The task: Find the line with "thumbnail image 2" in the entries below. Repeat it, every following line, and the line with "Numitaz Himalayan salt", exactly and with nothing added.

Task inputs:
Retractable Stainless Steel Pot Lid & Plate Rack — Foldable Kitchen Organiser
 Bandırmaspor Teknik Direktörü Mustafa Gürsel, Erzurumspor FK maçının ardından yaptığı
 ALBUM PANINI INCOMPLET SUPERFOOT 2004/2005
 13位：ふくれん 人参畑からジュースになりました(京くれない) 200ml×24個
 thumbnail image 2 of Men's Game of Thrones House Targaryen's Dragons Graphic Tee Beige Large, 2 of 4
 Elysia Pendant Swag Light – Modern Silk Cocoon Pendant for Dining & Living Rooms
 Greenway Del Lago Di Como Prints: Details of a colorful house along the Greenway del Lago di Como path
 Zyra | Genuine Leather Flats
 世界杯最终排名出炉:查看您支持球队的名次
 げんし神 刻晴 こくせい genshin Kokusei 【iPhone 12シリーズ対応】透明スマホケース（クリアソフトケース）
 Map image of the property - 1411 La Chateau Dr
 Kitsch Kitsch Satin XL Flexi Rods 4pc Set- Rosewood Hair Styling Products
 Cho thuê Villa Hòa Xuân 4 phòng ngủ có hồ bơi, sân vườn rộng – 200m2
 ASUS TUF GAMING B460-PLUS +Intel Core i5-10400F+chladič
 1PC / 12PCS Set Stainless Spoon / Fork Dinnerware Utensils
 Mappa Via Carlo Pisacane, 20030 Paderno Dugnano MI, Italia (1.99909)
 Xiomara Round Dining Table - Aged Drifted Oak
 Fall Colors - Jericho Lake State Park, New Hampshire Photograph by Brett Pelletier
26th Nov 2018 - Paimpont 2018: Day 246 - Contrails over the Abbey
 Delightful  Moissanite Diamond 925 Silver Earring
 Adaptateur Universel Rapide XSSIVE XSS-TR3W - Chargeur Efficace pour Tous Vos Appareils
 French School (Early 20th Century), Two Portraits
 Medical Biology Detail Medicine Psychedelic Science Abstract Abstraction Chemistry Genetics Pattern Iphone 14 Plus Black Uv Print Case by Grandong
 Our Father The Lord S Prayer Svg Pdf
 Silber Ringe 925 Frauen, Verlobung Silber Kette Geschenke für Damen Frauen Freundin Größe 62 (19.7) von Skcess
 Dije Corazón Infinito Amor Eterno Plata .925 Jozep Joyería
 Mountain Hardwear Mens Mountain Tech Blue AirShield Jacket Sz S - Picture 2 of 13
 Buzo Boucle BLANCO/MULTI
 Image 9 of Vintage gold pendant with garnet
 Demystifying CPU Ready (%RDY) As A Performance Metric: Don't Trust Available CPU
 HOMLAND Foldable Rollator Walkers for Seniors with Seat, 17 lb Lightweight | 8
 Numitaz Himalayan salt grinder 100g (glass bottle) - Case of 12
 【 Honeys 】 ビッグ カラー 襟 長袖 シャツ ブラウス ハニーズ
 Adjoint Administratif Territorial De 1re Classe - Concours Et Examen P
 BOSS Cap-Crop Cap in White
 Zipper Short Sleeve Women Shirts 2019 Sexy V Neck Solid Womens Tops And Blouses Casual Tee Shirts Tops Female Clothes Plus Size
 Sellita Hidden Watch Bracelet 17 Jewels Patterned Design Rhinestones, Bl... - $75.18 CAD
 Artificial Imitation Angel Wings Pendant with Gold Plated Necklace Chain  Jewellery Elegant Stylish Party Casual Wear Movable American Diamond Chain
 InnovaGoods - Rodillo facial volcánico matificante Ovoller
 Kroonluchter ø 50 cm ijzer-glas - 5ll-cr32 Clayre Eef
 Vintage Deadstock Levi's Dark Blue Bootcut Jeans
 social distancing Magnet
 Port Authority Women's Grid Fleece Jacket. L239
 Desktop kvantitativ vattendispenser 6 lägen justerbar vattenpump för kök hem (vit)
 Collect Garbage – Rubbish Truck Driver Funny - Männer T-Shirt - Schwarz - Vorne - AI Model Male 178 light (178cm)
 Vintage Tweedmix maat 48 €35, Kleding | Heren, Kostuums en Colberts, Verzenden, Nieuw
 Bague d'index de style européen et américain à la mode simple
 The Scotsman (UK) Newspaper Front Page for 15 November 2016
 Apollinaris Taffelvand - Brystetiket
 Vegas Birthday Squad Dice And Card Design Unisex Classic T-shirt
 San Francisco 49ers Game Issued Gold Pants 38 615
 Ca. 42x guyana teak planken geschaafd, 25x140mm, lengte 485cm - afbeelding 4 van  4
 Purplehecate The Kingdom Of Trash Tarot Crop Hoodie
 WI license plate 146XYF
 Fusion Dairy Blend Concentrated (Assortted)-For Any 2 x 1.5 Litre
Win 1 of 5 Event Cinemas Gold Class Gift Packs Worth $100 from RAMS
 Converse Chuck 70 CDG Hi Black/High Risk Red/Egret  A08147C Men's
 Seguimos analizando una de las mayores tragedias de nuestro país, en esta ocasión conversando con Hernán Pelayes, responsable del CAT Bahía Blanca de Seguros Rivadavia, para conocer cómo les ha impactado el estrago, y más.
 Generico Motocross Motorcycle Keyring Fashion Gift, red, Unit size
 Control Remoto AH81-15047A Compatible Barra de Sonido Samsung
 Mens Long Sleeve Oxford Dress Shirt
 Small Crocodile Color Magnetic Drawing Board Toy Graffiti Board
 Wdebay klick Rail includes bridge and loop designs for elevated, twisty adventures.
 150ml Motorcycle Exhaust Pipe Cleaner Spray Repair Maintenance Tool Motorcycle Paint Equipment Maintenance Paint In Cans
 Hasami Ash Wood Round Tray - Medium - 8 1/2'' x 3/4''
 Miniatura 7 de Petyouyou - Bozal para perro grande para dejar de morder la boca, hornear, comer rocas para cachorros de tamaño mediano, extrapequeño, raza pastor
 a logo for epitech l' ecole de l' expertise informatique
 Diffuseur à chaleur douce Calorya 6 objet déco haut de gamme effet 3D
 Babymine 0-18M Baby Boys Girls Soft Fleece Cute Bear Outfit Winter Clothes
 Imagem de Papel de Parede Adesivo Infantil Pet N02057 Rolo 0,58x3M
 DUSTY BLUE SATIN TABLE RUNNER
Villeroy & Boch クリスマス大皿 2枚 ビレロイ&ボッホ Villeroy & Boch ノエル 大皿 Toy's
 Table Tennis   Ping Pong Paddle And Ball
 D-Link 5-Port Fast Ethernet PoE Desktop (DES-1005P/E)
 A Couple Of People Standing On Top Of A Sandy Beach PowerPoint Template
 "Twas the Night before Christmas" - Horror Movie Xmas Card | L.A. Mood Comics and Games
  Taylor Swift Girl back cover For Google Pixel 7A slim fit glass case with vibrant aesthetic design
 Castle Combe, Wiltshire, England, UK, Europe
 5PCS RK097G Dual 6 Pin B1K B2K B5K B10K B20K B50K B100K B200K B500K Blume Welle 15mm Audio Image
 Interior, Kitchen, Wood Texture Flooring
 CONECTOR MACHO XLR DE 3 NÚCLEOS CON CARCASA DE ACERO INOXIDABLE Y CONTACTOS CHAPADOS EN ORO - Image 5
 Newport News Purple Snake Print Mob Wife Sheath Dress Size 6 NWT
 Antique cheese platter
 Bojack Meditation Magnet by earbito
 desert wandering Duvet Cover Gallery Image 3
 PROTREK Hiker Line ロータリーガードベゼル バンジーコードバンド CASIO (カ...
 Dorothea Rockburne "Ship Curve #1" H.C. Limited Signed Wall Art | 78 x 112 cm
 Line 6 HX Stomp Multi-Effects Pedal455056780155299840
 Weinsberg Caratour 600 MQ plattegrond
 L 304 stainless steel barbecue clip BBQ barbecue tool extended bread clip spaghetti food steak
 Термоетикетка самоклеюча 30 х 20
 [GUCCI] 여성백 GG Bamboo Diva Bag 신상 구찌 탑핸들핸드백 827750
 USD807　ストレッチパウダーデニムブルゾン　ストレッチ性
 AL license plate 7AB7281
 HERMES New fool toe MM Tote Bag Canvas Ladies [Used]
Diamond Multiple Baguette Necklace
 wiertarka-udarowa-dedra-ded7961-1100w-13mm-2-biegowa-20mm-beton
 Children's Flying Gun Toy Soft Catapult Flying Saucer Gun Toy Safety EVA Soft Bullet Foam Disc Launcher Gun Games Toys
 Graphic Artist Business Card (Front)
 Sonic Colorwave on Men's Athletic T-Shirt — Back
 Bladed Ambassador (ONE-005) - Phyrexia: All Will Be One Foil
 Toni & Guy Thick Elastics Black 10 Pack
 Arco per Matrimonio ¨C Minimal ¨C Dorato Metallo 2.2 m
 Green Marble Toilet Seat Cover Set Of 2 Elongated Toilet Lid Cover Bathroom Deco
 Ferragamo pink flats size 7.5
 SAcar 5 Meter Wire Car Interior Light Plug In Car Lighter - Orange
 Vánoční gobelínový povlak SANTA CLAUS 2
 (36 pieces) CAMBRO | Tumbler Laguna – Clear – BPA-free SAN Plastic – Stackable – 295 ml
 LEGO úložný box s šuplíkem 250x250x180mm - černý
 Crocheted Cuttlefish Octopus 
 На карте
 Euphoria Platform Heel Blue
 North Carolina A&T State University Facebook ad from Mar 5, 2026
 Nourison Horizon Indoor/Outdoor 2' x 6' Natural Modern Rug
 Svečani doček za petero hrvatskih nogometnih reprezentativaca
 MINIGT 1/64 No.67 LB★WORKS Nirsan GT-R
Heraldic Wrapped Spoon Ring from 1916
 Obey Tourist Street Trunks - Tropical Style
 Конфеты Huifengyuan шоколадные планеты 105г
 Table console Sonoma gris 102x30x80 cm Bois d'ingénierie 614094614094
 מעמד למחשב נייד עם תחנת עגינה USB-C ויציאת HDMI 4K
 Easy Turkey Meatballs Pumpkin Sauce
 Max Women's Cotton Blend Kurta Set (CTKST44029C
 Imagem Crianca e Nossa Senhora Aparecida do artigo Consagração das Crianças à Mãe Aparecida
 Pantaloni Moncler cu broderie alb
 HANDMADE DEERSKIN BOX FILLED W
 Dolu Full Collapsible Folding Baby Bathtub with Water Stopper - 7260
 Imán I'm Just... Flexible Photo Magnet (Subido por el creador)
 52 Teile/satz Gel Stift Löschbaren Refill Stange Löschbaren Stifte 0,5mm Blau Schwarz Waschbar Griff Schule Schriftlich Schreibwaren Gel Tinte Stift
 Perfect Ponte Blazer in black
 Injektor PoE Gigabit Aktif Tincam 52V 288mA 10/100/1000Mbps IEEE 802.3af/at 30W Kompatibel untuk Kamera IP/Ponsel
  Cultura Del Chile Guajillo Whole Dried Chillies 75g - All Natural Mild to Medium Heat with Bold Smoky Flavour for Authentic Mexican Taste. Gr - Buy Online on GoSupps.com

Answer:
 thumbnail image 2 of Men's Game of Thrones House Targaryen's Dragons Graphic Tee Beige Large, 2 of 4
 Elysia Pendant Swag Light – Modern Silk Cocoon Pendant for Dining & Living Rooms
 Greenway Del Lago Di Como Prints: Details of a colorful house along the Greenway del Lago di Como path
 Zyra | Genuine Leather Flats
 世界杯最终排名出炉:查看您支持球队的名次
 げんし神 刻晴 こくせい genshin Kokusei 【iPhone 12シリーズ対応】透明スマホケース（クリアソフトケース）
 Map image of the property - 1411 La Chateau Dr
 Kitsch Kitsch Satin XL Flexi Rods 4pc Set- Rosewood Hair Styling Products
 Cho thuê Villa Hòa Xuân 4 phòng ngủ có hồ bơi, sân vườn rộng – 200m2
 ASUS TUF GAMING B460-PLUS +Intel Core i5-10400F+chladič
 1PC / 12PCS Set Stainless Spoon / Fork Dinnerware Utensils
 Mappa Via Carlo Pisacane, 20030 Paderno Dugnano MI, Italia (1.99909)
 Xiomara Round Dining Table - Aged Drifted Oak
 Fall Colors - Jericho Lake State Park, New Hampshire Photograph by Brett Pelletier
26th Nov 2018 - Paimpont 2018: Day 246 - Contrails over the Abbey
 Delightful  Moissanite Diamond 925 Silver Earring
 Adaptateur Universel Rapide XSSIVE XSS-TR3W - Chargeur Efficace pour Tous Vos Appareils
 French School (Early 20th Century), Two Portraits
 Medical Biology Detail Medicine Psychedelic Science Abstract Abstraction Chemistry Genetics Pattern Iphone 14 Plus Black Uv Print Case by Grandong
 Our Father The Lord S Prayer Svg Pdf
 Silber Ringe 925 Frauen, Verlobung Silber Kette Geschenke für Damen Frauen Freundin Größe 62 (19.7) von Skcess
 Dije Corazón Infinito Amor Eterno Plata .925 Jozep Joyería
 Mountain Hardwear Mens Mountain Tech Blue AirShield Jacket Sz S - Picture 2 of 13
 Buzo Boucle BLANCO/MULTI
 Image 9 of Vintage gold pendant with garnet
 Demystifying CPU Ready (%RDY) As A Performance Metric: Don't Trust Available CPU
 HOMLAND Foldable Rollator Walkers for Seniors with Seat, 17 lb Lightweight | 8
 Numitaz Himalayan salt grinder 100g (glass bottle) - Case of 12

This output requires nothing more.